--- DATA PROVIDED ---

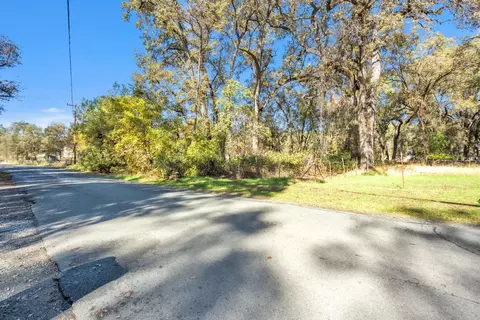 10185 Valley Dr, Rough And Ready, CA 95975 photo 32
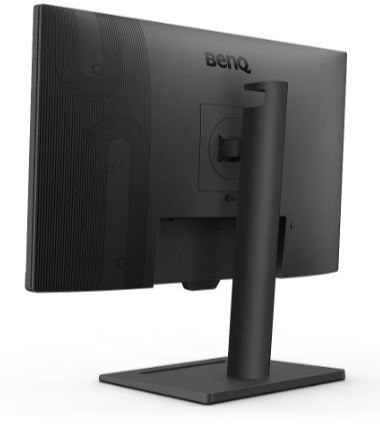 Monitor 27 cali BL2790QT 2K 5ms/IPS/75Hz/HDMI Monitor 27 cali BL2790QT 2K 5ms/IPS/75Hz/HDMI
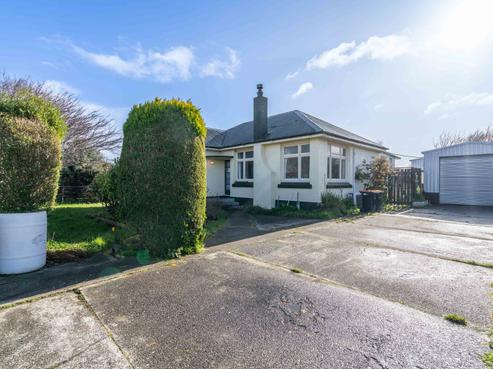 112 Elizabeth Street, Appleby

--

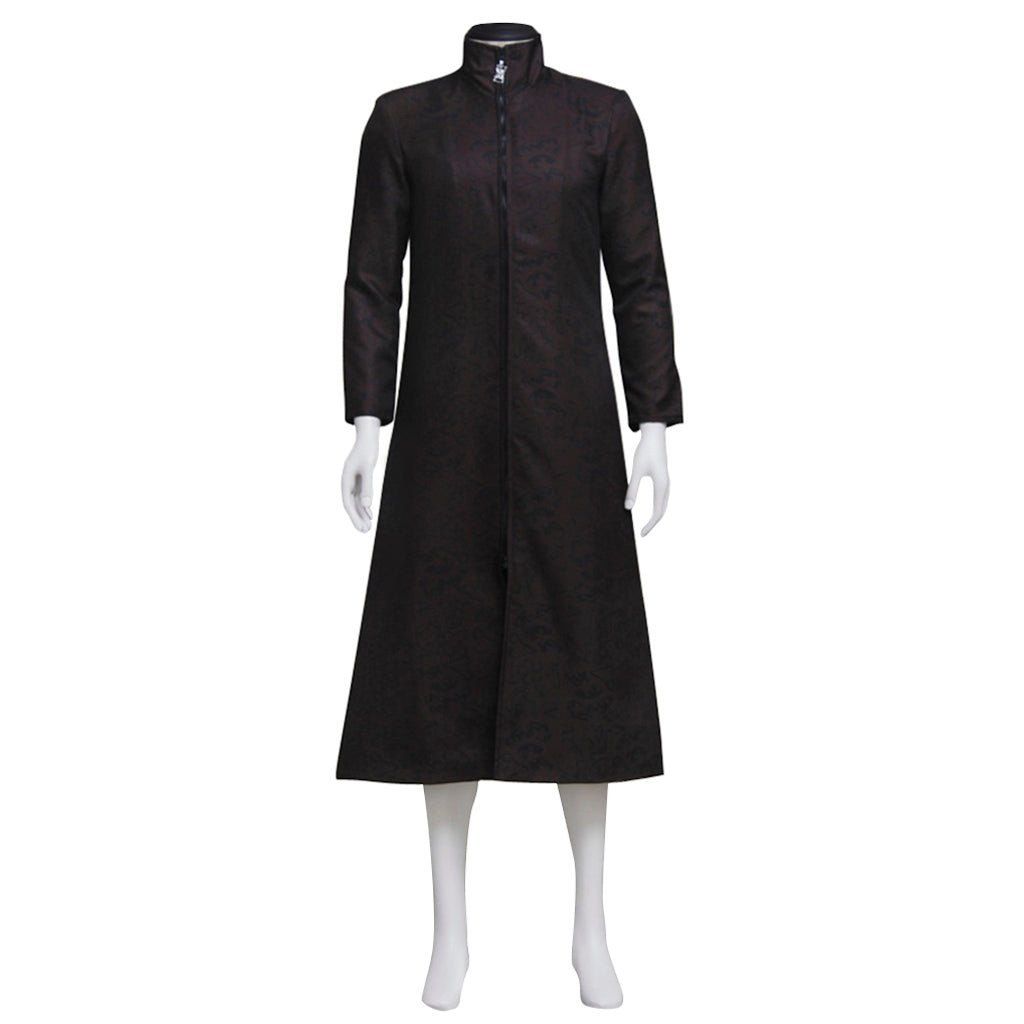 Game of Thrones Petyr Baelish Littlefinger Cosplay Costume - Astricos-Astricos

--- WHAT IS EXPECTED ---
With the pictures left out, write out exactly the lines above from the one containing "10185 Valley Dr, Rough" through the one containing "112 Elizabeth Street, Appleby".

--- RESULT OF THE TASK ---
 10185 Valley Dr, Rough And Ready, CA 95975 photo 32
 Monitor 27 cali BL2790QT 2K 5ms/IPS/75Hz/HDMI Monitor 27 cali BL2790QT 2K 5ms/IPS/75Hz/HDMI
 112 Elizabeth Street, Appleby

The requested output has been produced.